Photo Credit: Unsplash/ Markus Spiske
Aadhaar data of a large number of farmers was leaked by a government website designed for the welfare of the agriculture sector in India, a security researcher has reported. The website, called PM Kisan, allows the government to distribute grants to farmers under the Pradhan Mantri Kisan Samman Nidhi programme. However, due to an issue, one of its parts was publicly exposing Aadhaar numbers of enrolled farmers. The website has registered over 110 million farmers since its launch in 2019.
Security researcher Atul Nair said in a post on Medium that a part of the PM Kisan website was leaking the Aadhaar number of its registered farmers.
"The website provides an endpoint, which returns information about the beneficiary. This endpoint was also sending Aadhaar numbers," Nair told Gadgets 360.
The issue was first spotted by the researcher in late January and was reported by India's Computer Emergency Response Team (CERT-In). Shortly after receiving the report, the nodal agency forwarded the details to the concerned authorities. They, however, apparently took some months to fix the exposure.

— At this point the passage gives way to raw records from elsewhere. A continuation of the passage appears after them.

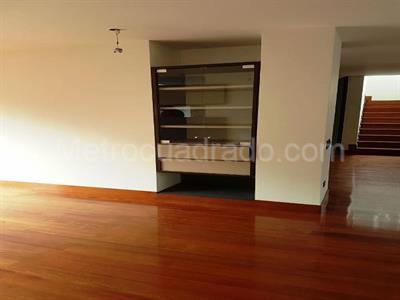 Apartamento de 3 alcobas en venta en Sierras Del Moral, Bogotá, 264 m² · foto 12 de 12
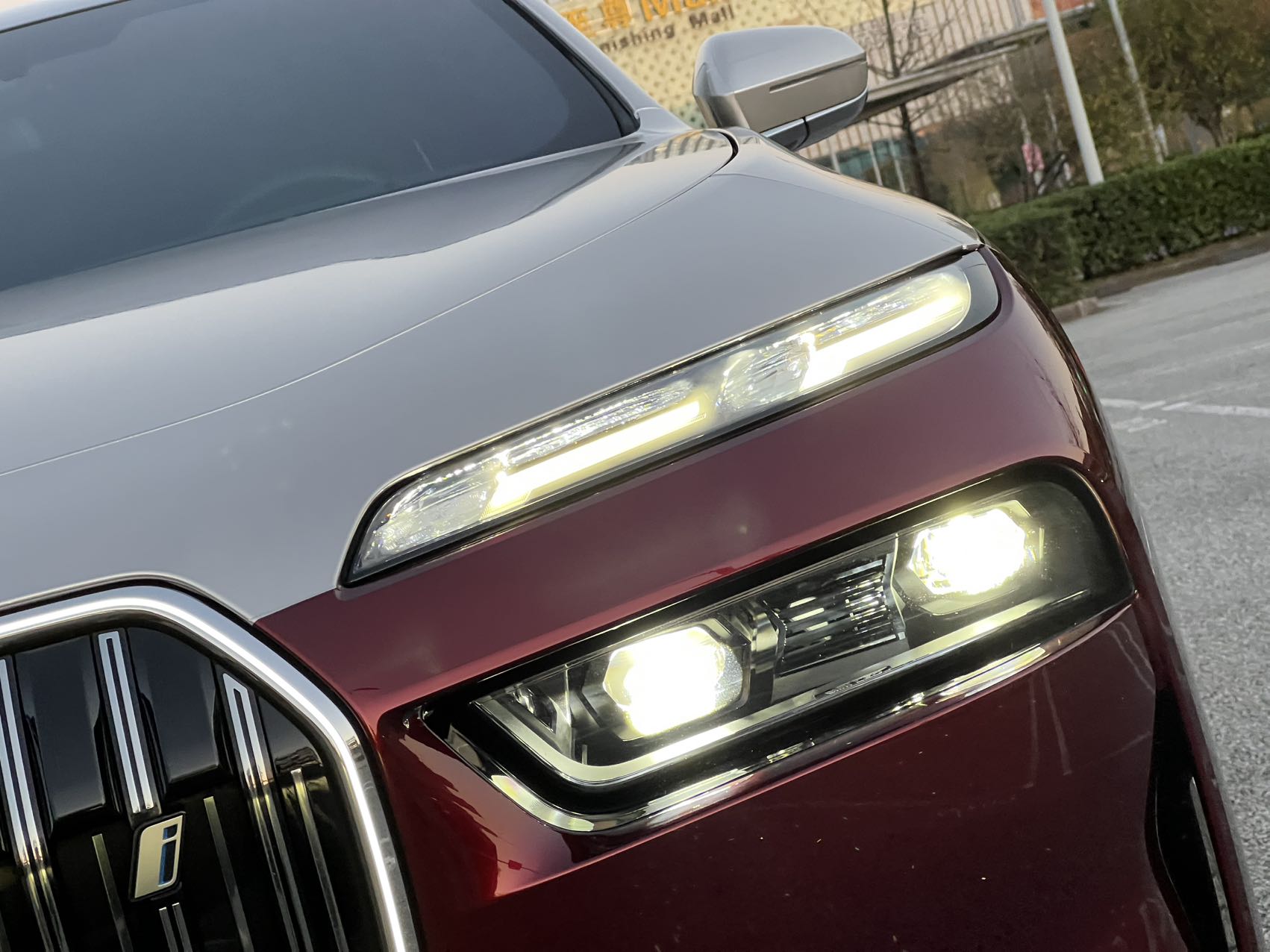 BMW i7 2023 car image #30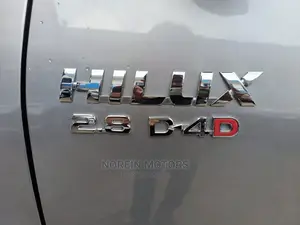 Toyota Hilux 2016 Gray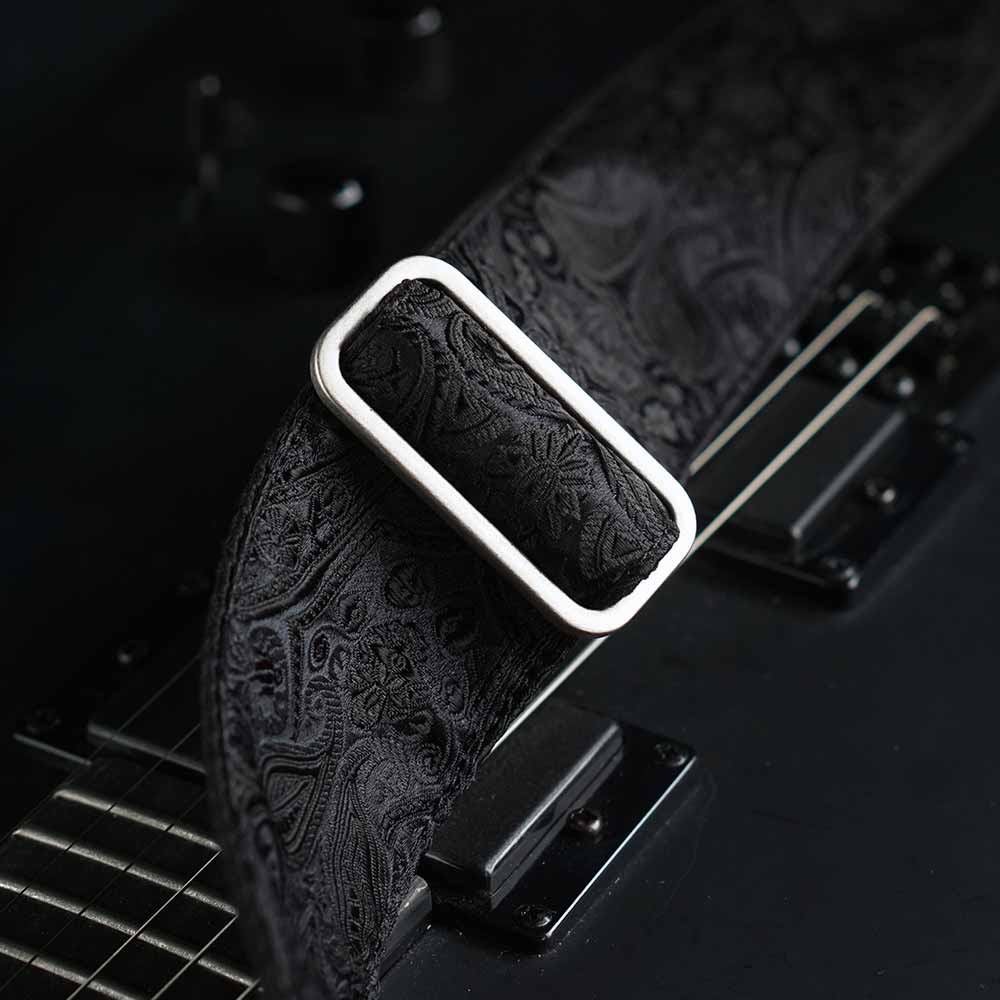 Guitar strap black - Luxury Black Paisley (brass)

Nair wrote in his post that the issue was fixed in late May. He told Gadgets 360 that he had confirmed that the issue was no longer reproducible.
However, it is not confirmed whether an attacker was able to breach the data until it got fixed.

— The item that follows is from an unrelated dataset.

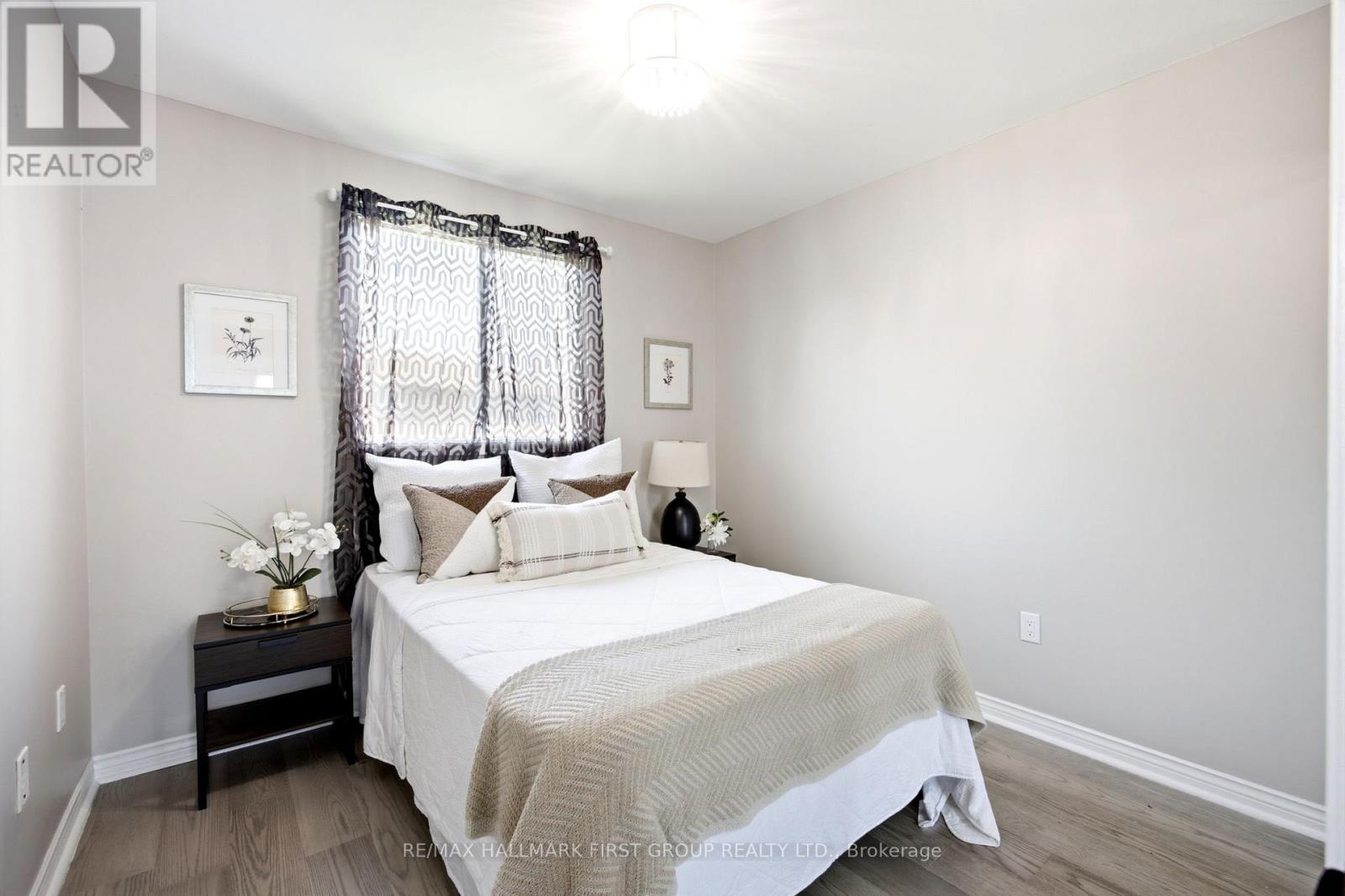 15 SALLIS DRIVE - 28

CERT-In appreciated the researcher for reporting the issue, though it did not explicitly confirm the fix or whether the data was not breached.

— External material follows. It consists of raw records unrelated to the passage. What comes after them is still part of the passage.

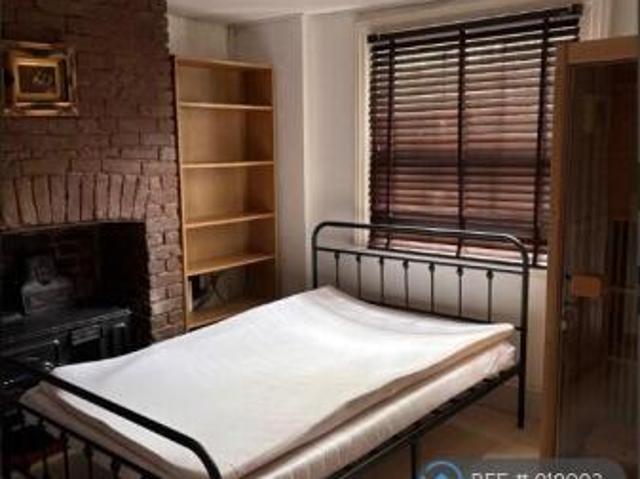Cottage for rent in Cat Hill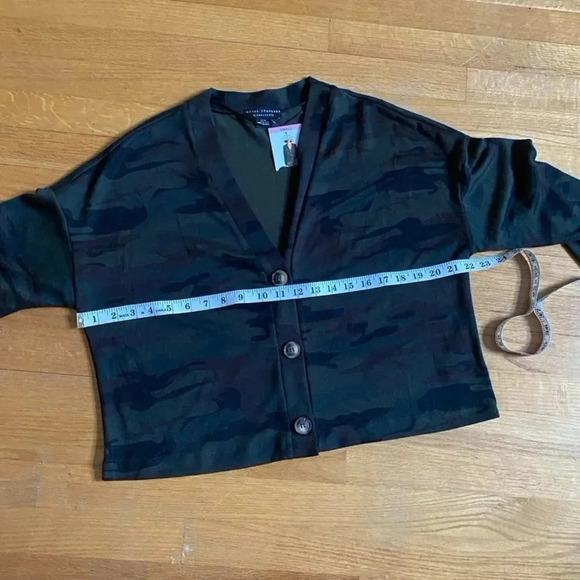 NWT Social Standard by Sanctuary Camo Cardigan Sweater - Picture 13 of 14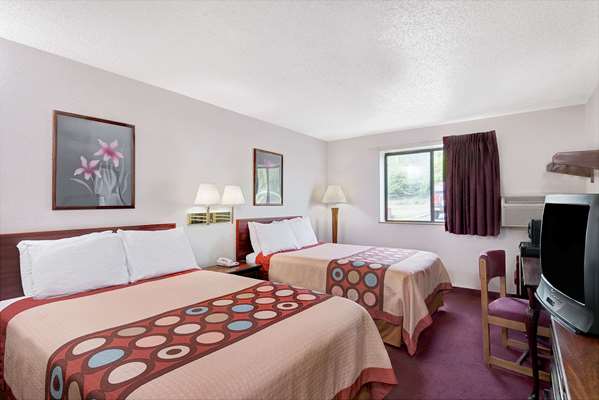  - Super 8 Hotel Waynesburg - I-79, Exit 14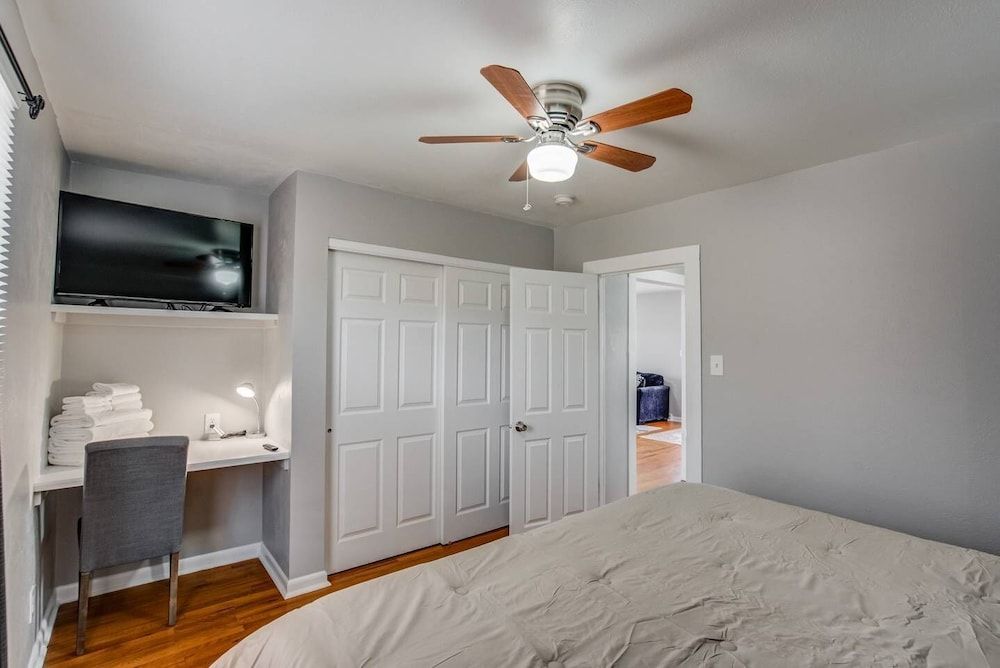 2BR Olympic Training Center Dog-friendly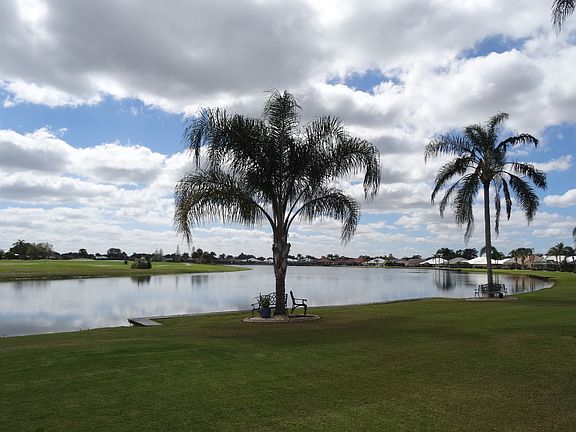 Waterfront and Golf Vies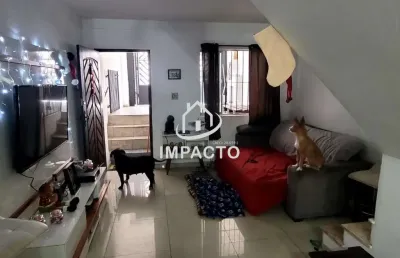 Sobrado com 3 dormitórios sendo 1 suíte com closet à venda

Gadgets 360 reached out to the National Informatics Centre (NIC) — the developer and maintainer of the PM Kisan website, and an official has confirmed the fix.
"Upon receipt of the vulnerability, the PMKisan team undertook necessary action to fix the vulnerability," the NIC official said. However, she did not confirm whether the exposed data was not breached by an attacker until the vulnerability got fixed.
Aadhaar numbers of individuals in the country are not of confidential nature, per the Unique Identification Authority of India (UIDAI) — the statutory authority that is mandated to issue the 12-digit uniquely identified numbers. Nevertheless, it does restrict users from sharing Aadhaar cards on public platforms.
This is notably not the first time when the Aadhaar data of individuals was exposed by a government website. In 2019, the Jharkhand government reportedly exposed the unique identification numbers of its thousands of workers.
A few days later, state-owned liquid petroleum gas (LPG) manufacturer Indane had also allegedly exposed Aadhaar details of millions of its consumers.